Capitol Hill Pride sent us this note 1/2 pic.twitter.com/te62OaQPOY
— Seattle HumanRights (@SeattleHRC) June 18, 2021
The Seattle Human Rights Commission issued a curt letter in response.
“Thank you for reaching out to the Human Rights Commission and the NAACP,” the commission responded. “While we appreciate your thinking of us to help with this issue, we must, unfortunately, advise you to advance on this issue without the participation of the Commission.”
They explained, “The unique nature of your situation does not in fact violate any of your human rights as stated in the UN Declaration of Human Rights, which is the charter by which our Commission operates.”
Asking the complainants to “examine the very real social dynamics and ramifications” of their claims, they note, “Black trans and queer peoples are among the most marginalized and persecuted peoples within the LGBTQIA2S+ community. They often face shame not only from the cis-heteronormative community, but within the queer community at large as well.”
The commission believes that “in making the event free for the Black Queer community, the organizers of this event are extending a courtesy so rarely extended; by providing a free and safe space [for Black trans and queer people] to express joy, share story, and be in community.
“We would like to recommend, if possible, that you educate yourself on the harm it may cause Seattle’s BIPOC community in your pursuit of a free ticket to an event that is not expressly meant for you and your entertainment,” they said.

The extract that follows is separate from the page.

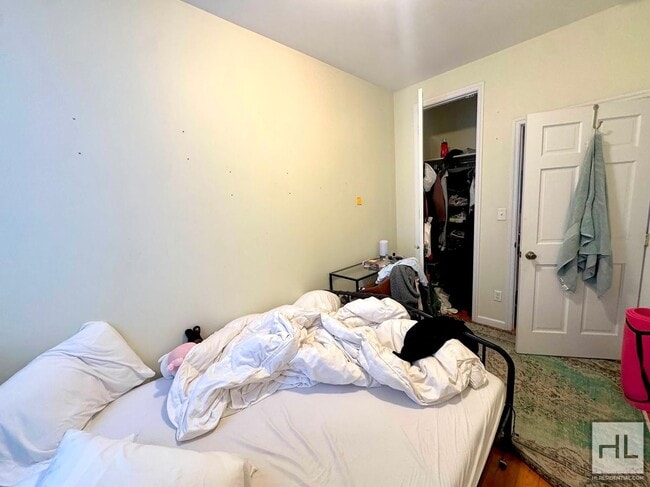 Photo - MENAHAN STREET Unit 3F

They added that “If you still take issue with this and [the decision] would resonate better with a reason explained from a white or white passing member of the queer community, we would be happy to connect you with a number of allies.”
Our response to Capitol Hill Pride 2/2 pic.twitter.com/R7gcNNnvNb
— Seattle HumanRights (@SeattleHRC) June 18, 2021
Conservative media has since attacked Take B(l)ack Pride’s reparations fee policy.

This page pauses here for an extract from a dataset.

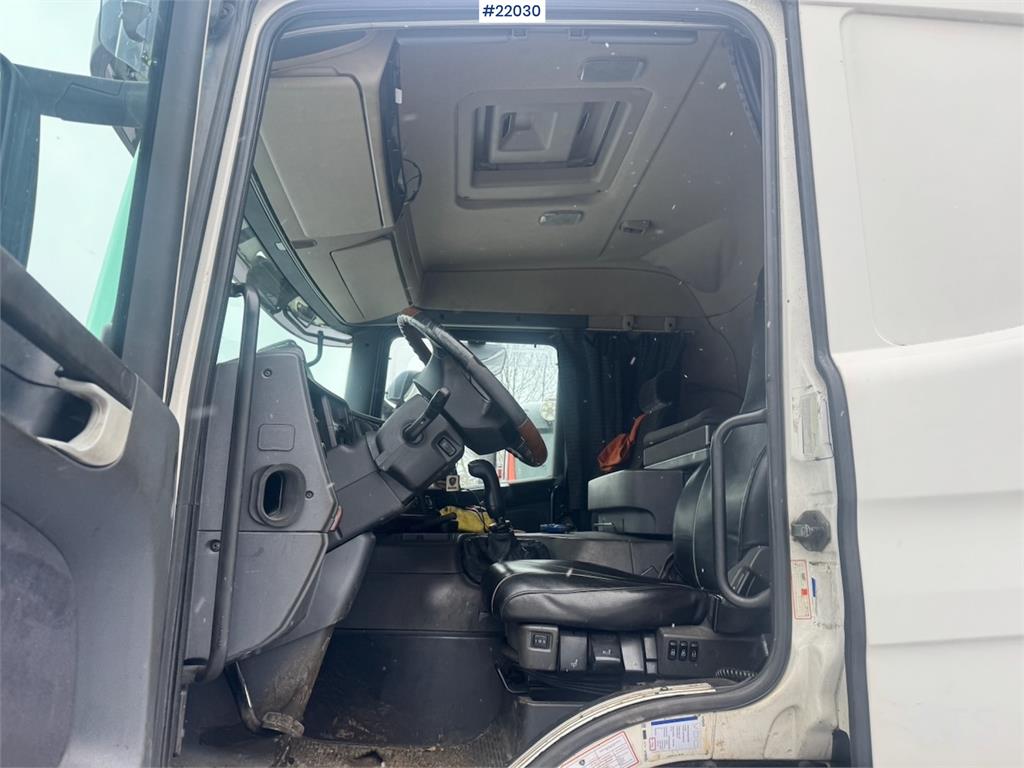 Scania P310 4x2 box truck with full side opening 2005 22030 P310 4x2 box truck with full side opening 2005 1 image 27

Supporters of the policy note that reparations bring equity to the affected communities, and economic disadvantages and racism have kept people of color and descendants of slaves have from having the same opportunities as white people.

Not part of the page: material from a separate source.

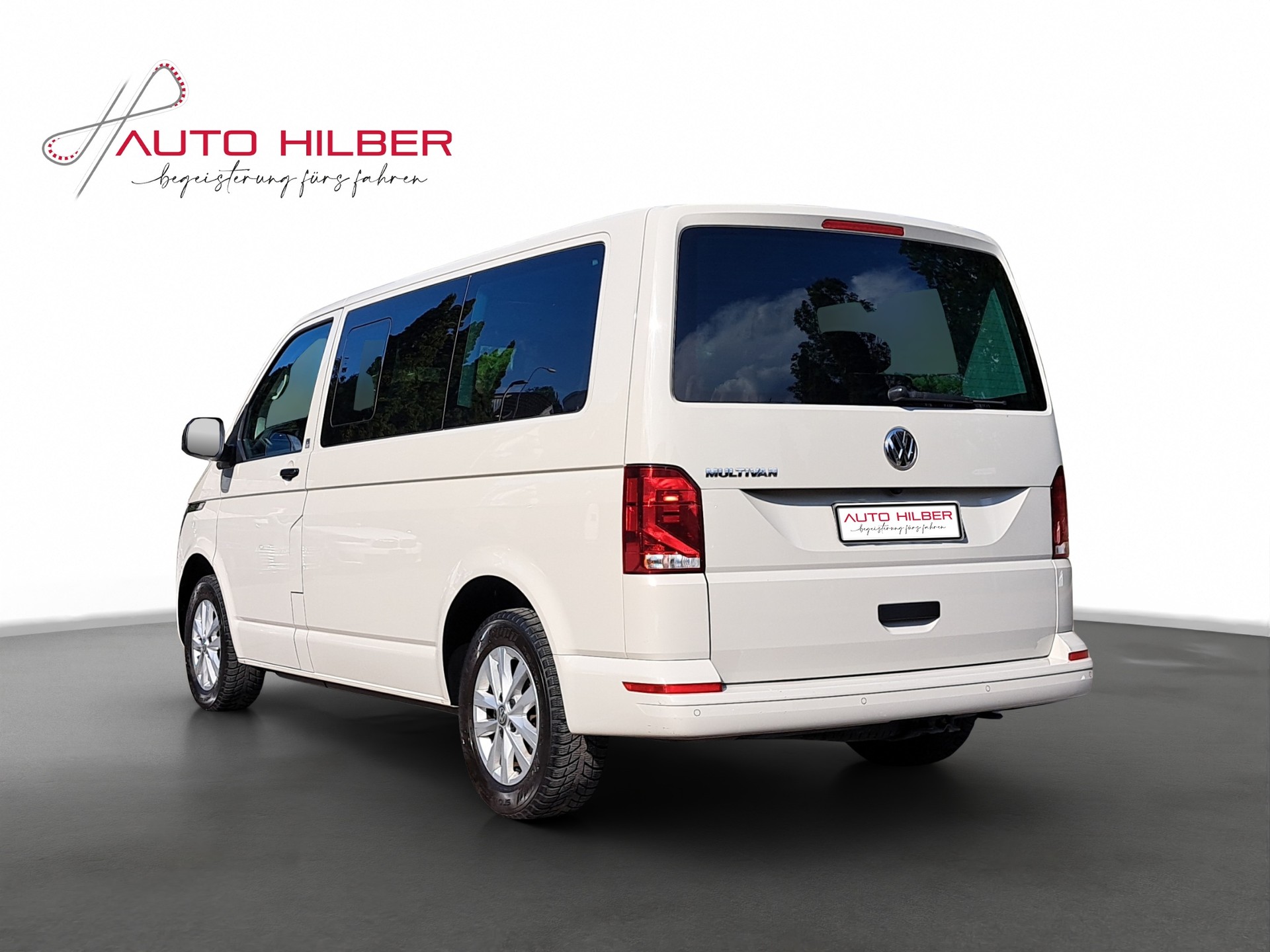 VW T6.1 Multivan 2.0 TDI Trendline DSG-image-3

Critics claim it is “reverse racism” and discrimination against white people because it holds them to a different standard based on their skin color.
The group clarified after “misinformation” spread that the reparations’ fee is simply a “consensual transaction/donation from folks who support our community and our event,” and there is no “race police” checking anyone’s ethnicity or attempts to force white people to pay to attend.
“We are not and have never been in the business of forcing people to come to Black and brown, trans Pride events,” they stated.
Now, the Office of Civil Rights is aware of the situation and may begin an investigation, the Seattle Times reports.
Several participants in Capitol Hill events canceled their appearances and supporters of the group have criticized them since the letter came out, leading LeFevre and Lipson to apologize.
City Council President and candidate for mayor M. Lorena González, said that she ‘will no longer be attending Capitol Hill Pride after reading their letter.”
“After a year that has taken an unbelievable toll on all of our communities, I was looking forward to this opportunity to celebrate Pride in person,” she said. “However, I simply cannot support an organization that is trying to stop Black people in the LGBTQ+ community from celebrating Pride in the manner that they choose.”
Outside of that, all of the different Pride events in the Seattle area went on as scheduled without incident.
Meanwhile, Seattle Pride announced that they are returning to hold a “Capitol Hill PrideFest” in Capitol Hill, in-person, on September 4 and 5.
“PrideFest has no association with Capitol Hill Pride, run by Charlette LeFevre and Philip Lipson,” they made clear.
2/2) However, I simply cannot support an organization that is trying to stop Black people in the LGBTQ+ community from celebrating Pride in the manner that they choose.